Task description: Each line from the one holding "معرفی سایت و" to the last line below must be restated word for word, and no picture may be included.

╭──

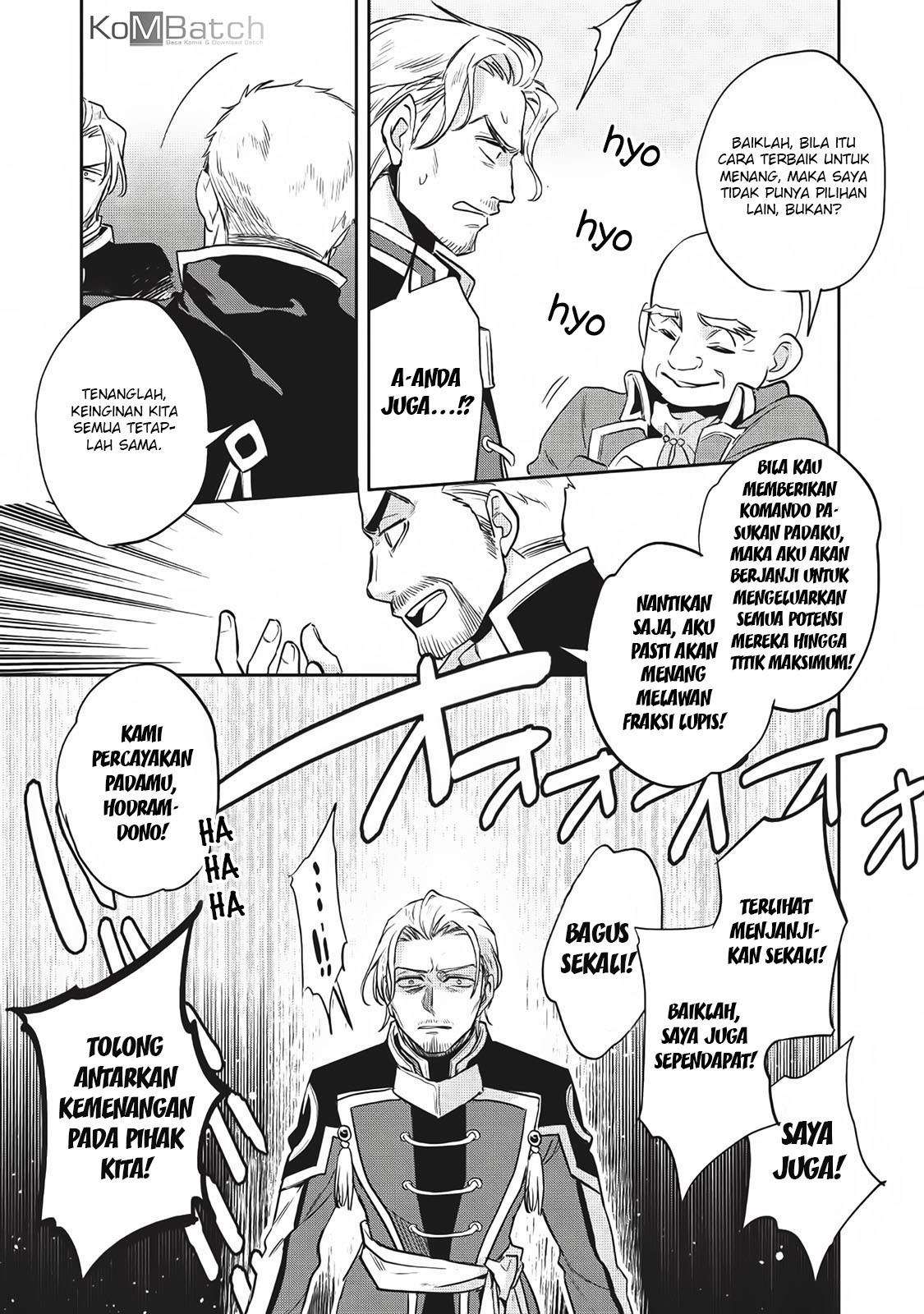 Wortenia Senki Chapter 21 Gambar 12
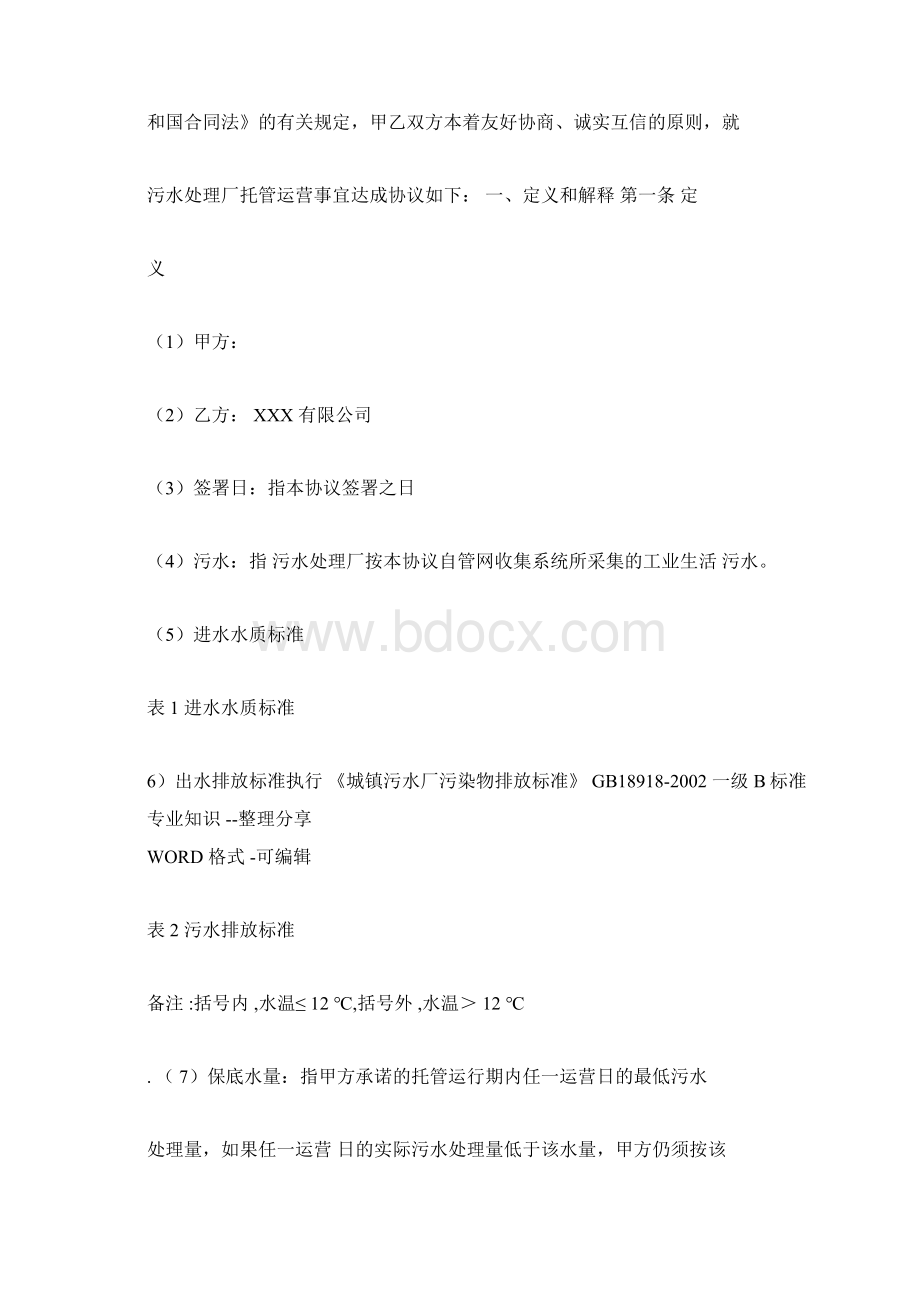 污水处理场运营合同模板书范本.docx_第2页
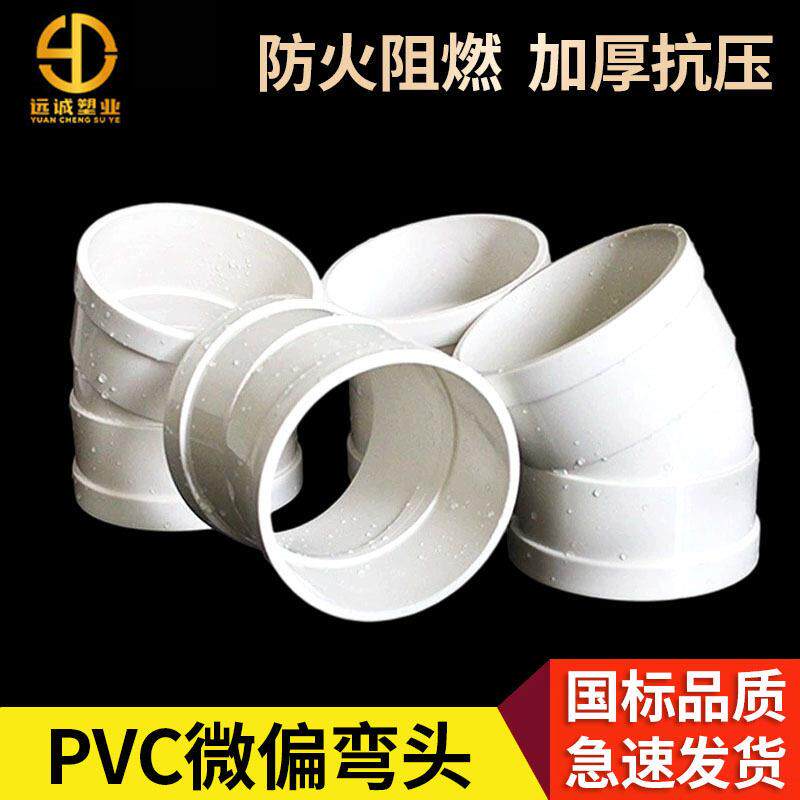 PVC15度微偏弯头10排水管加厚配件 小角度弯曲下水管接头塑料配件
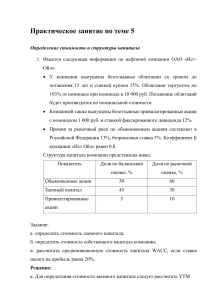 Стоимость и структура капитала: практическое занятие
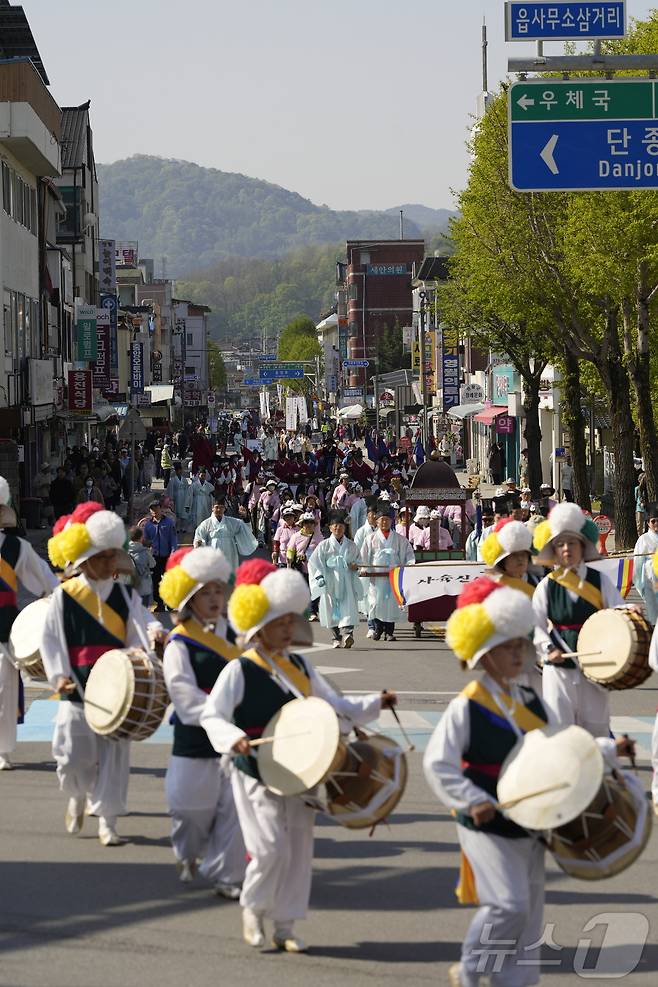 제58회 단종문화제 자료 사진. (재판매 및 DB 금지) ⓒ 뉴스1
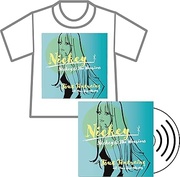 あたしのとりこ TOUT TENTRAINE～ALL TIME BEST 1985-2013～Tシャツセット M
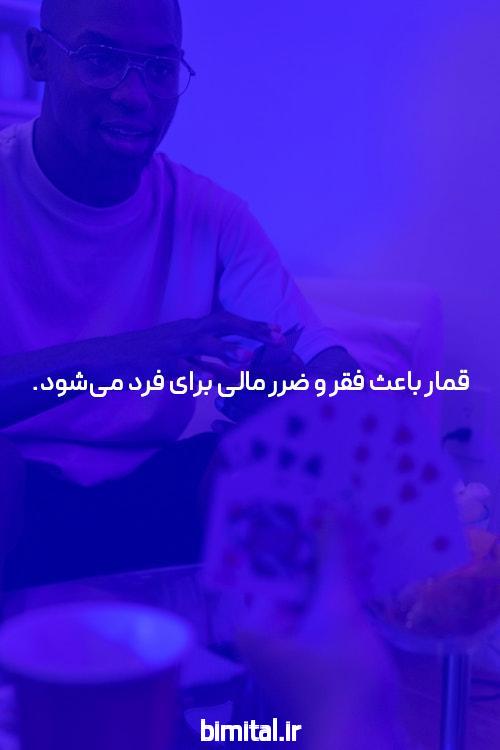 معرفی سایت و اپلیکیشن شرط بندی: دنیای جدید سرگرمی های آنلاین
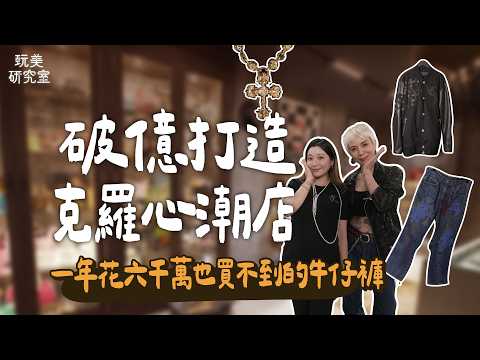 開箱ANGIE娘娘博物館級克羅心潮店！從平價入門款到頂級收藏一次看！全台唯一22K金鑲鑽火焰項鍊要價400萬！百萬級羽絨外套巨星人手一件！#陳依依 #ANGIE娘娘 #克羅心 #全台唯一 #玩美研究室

╰──

Your solution:
 معرفی سایت و اپلیکیشن شرط بندی: دنیای جدید سرگرمی های آنلاین
 開箱ANGIE娘娘博物館級克羅心潮店！從平價入門款到頂級收藏一次看！全台唯一22K金鑲鑽火焰項鍊要價400萬！百萬級羽絨外套巨星人手一件！#陳依依 #ANGIE娘娘 #克羅心 #全台唯一 #玩美研究室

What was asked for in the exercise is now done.